The piece lives in a browser window but behaves like a séance. Dropdown menus hold grief. Tabs unfold digital confessionals. Participants complete open-ended prompts like “We’ve known for a while now that…” while the performer does the same, live. HTML becomes sacred again. Each interaction leaves a trace, a whisper, a soft mutation in the poem’s body.


“Whenever a given consciousness produces the tools to harness itself, a fundamental factor is missed. Something the whole knows and which the parts cannot.”

Throughout the experience, this line echoes again and again, a refrain mourning the limits of self-reflection through data. But the piece doesn’t end in mourning. It ends in transformation. In Arabic, the sentence نحن نشعر means both “we are feeling” and, approximately, “we are poetry.” The title becomes a fact.

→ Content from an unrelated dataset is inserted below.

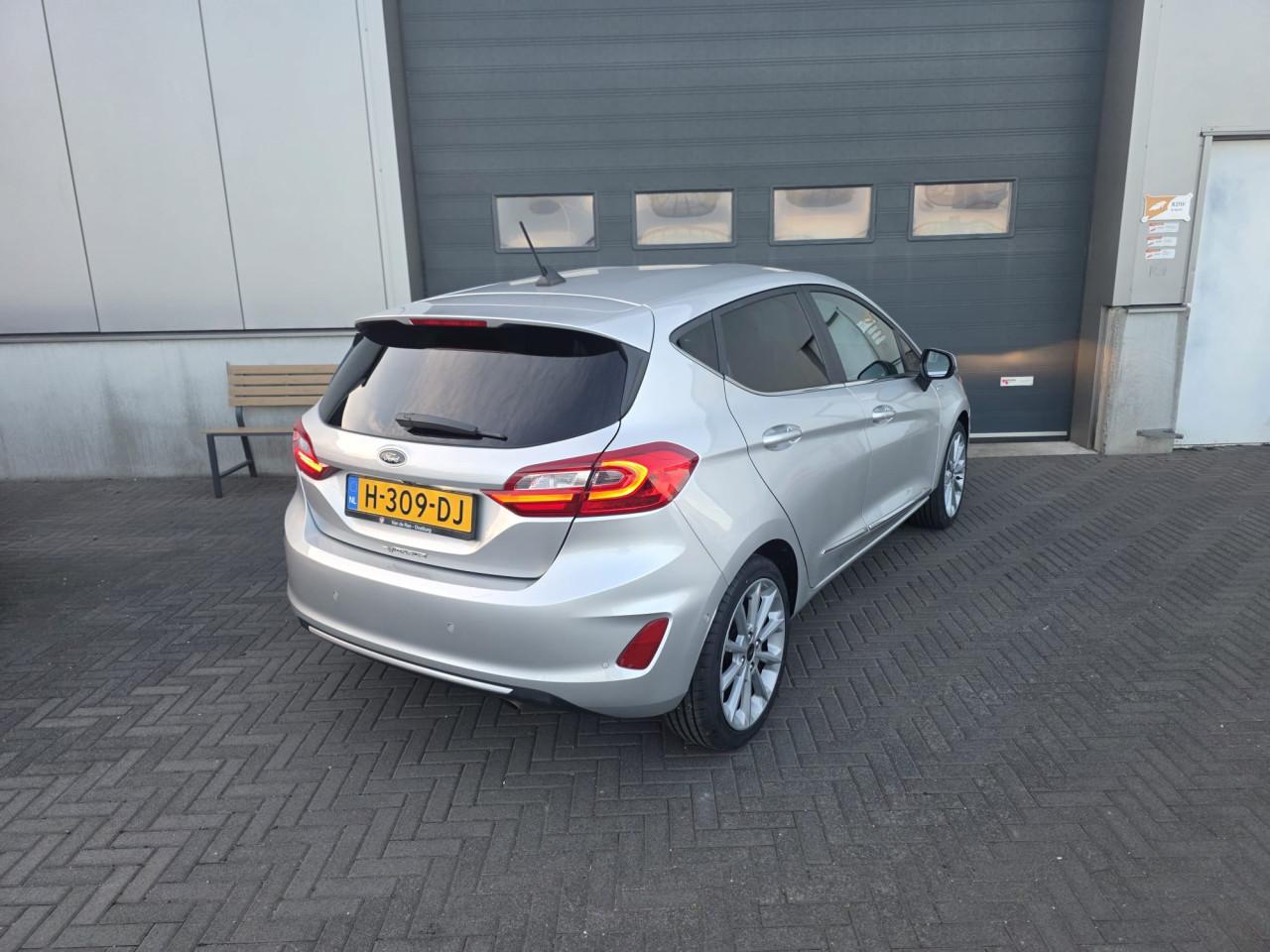 TE KOOP FORD FIESTA 1.0 ECO BOOST TITANIUM EURO 6 114.056 KM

We Called Us Poetry was selected to be part of the AI art show More than Meets AI between Oct 7 and 24, 2024 at the Joy Forum in the Library of the KMD at the Art School of the University of Bergen, co-curated by Alexandra Saum Pascual and David (Jhave) Johnston. This was an extensive show that expanded over 6 different venues. The piece appeared as a looping video next to others, such as ReRites by David Johnston, that engaged poetry generation and some of its futures.

We Called Us Poetry was also performed at TIAT (The Intersection of Arts and Technology), a gathering of creative technologists, and published in Voidspace Zine. It was also published in Voidspace Zine and was expanded for ELO 2025.